#### I. DETECTING OUTLIERS

**1. Plot a histogram and density plot**
```sh
sns.distplot(data, bin=20) # bin is number of columns
```

**2. Plot a boxplot**
```sh
sns.boxplot(data)
```

**3. Interquartile Range**
```sh
q25, q50, q75 = np.percentile(data,[25,50,75])
iqr = q75 - q25

#Calculate interval to consider outlier
low_limit = q25 - 1.5 * iqr # for example
high_limit = q75 + 1.5 * iqr

#identify the points:
[x for x in data['X'] if x > high_limit or x < low_limit]
```

**4. Residuals**
> **Approach:**
> - _Standardized_: residual divided by standard error.
> - _Deleted_: residual from fitting model on ALL data and ALL data excluding current observation.
> - _Studentized_: Deleted residuals / residual standard error.


#### II. EDA

**1. Sampling from DataFrames**
- For large data, random sample can make computation easier.
- Train/Dev/Test set
```sh
sample = data.sample(n=5, replace=False) #take 5 random rows in dataset, replace=False to ensure no duplicated rows
print(sample.iloc([:,-3:])
```

**2. Visualization**

**_a.
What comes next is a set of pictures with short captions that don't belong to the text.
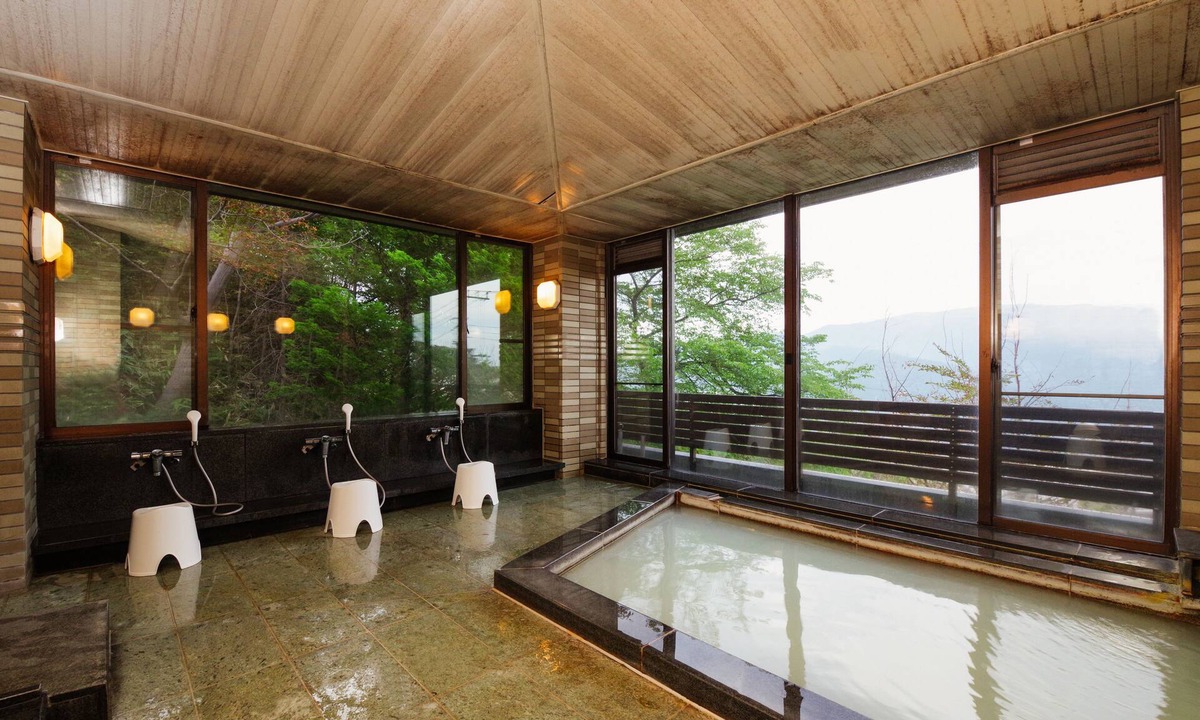 Gora Hotel | Tsumugi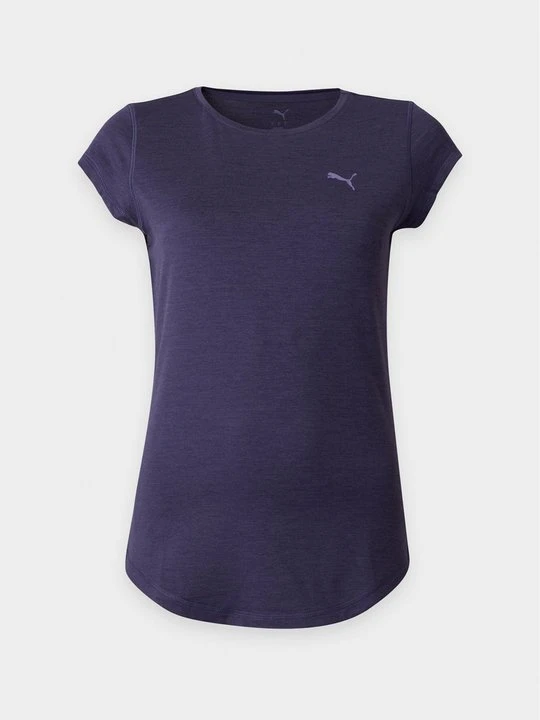 Zdjęcie produktu Koszulka sportowa Puma ciemnofioletowy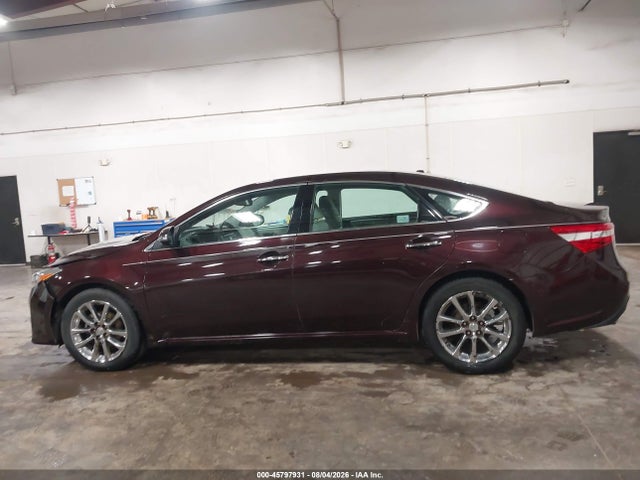 Продаж на аукціоні авто 2013 Toyota Avalon Xle Touring, vin: 4T1BK1EB7DU040606, номер лоту: 45797931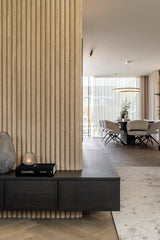Jaren 30 woning met moderne aanbouw en luxe interieur
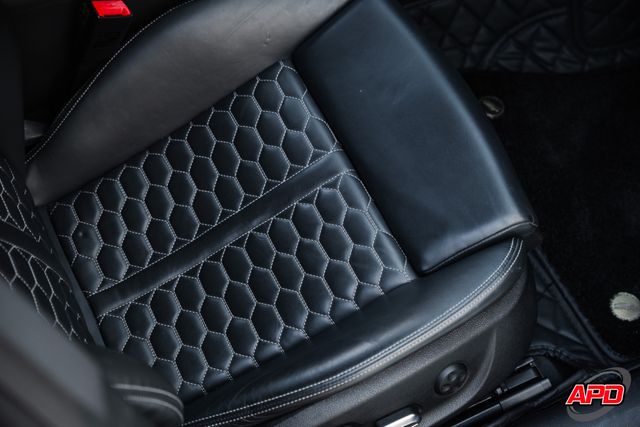 2014 Audi RS 7 4.0T quattro Prestige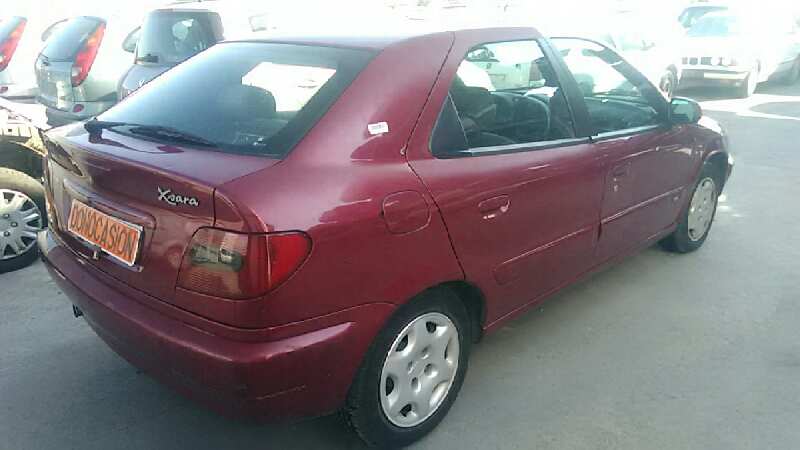 CITROEN XSARA BERLINA 1997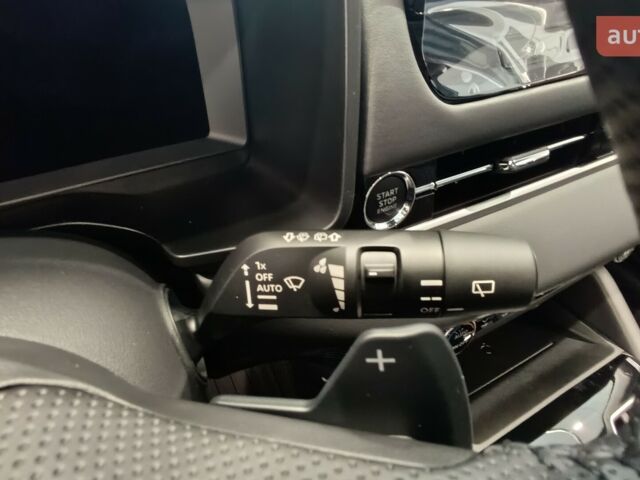 Мицубиси Аутлендер 2025 в Одессе на Automoto.ua Мицубиси Аутлендер, объемом двигателя 2.49 л и пробегом 0 тыс. км за 44662 $, фото 25 на Automoto.ua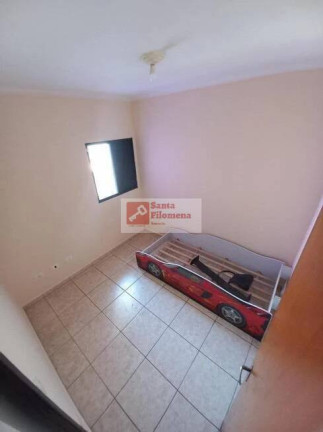 Imagem Sobrado com 3 Quartos à Venda, 133 m² em Parque Oratório - Santo André Imagem Sobrado com 3 Quartos à Venda, 133 m² em Parque Oratório - Santo André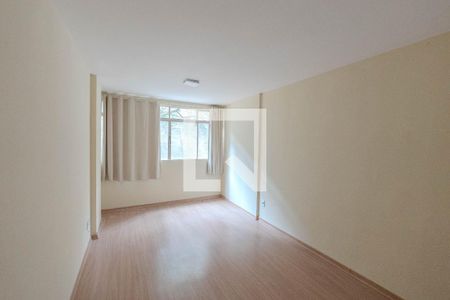 Sala de apartamento para alugar com 1 quarto, 45m² em Bela Vista, São Paulo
Pandas Framework approach_**
```sh
sns.boxplot(data)
```
**_b. Pandas DataFrame approach_**
```sh
%matplotlib inline # allow plot to actually show
import matplotlib.pylot as plt
# this show scatter plot
plt.plot(data['X1'], data['X2'], ls='', marker='o', label='feature1-2')
# ls: line-style
plt.plot(data['X3'], data['X4'], ls='', marker='o', lable='feature3-4')
# this second line will show on the same plot with different color
```
**_c. Histogram_**
```sh
plt.hist(data['X'], bins=25)
```

**_d. Customizing Plots_**
```sh
fig, ax = plt.subplot() # fig: articulate essentially all of the major basics around our plot
                        # ax: actual box
ax.set_yticks()
ax.set_yticklabels()
ax.set(xlabel='xlabel', ylabel='ylabel', title='Title')
```
>**By group**
```sh
data.groupby('species').mean().
    plot(color=['red', 'blue', 'black', 'green'], # Corespond to number of feature
            fontsize=10.0, figsize=(4,4))
```

**_e. Pair plot for Features_**
- Pair plot:
```sh
sns.pairplot(data, hue='species', size=3) # it would split data following the type of species
```
- Hexbin Plot:
```sh
sns.jointplot(x=data['X'], y=data['Y'], kind='hex')
```
- Facet Grid:
```sh
plot = sns.FaceGrid(data, col='species',
                    margin_titles=True)
plot.map(plt.hist, 'X1', color='green')
```

**3. Interquartile Range**
```sh
q25, q50, q75 = np.percentile(data,[25,50,75])
iqr = q75 - q25

#Calculate interval to consider outlier
low_limit = q25 - 1.5 * iqr # for example
high_limit = q75 + 1.5 * iqr

#identify the points:
[x for x in data['X'] if x > high_limit or x < low_limit]
```

**4. Residuals**
> **Approach:**
> - _Standardized_: residual divided by standard error.
> - _Deleted_: residual from fitting model on ALL data and ALL data excluding current observation.
> - _Studentized_: Deleted residuals / residual standard error.